§ **To do**
In the listing below, start your output at the line with "Book Sandinista Communism" and end it after the line with "Kulturbar: Starkgroup - Apollo goes Jazz", copying every line exactly.

§ **Records for processing**

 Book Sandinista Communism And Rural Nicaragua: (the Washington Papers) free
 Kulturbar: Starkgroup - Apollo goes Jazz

* * *

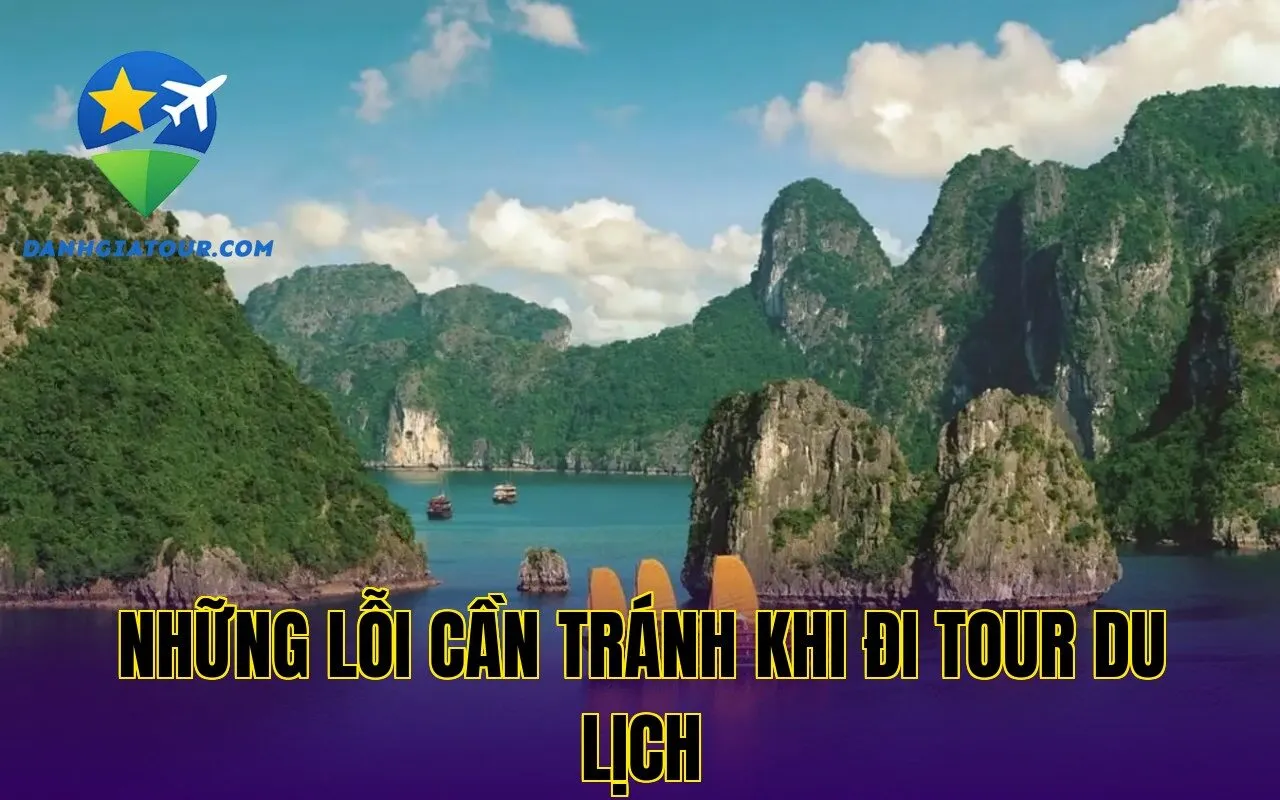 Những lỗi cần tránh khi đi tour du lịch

§ **Task output**
 Book Sandinista Communism And Rural Nicaragua: (the Washington Papers) free
 Kulturbar: Starkgroup - Apollo goes Jazz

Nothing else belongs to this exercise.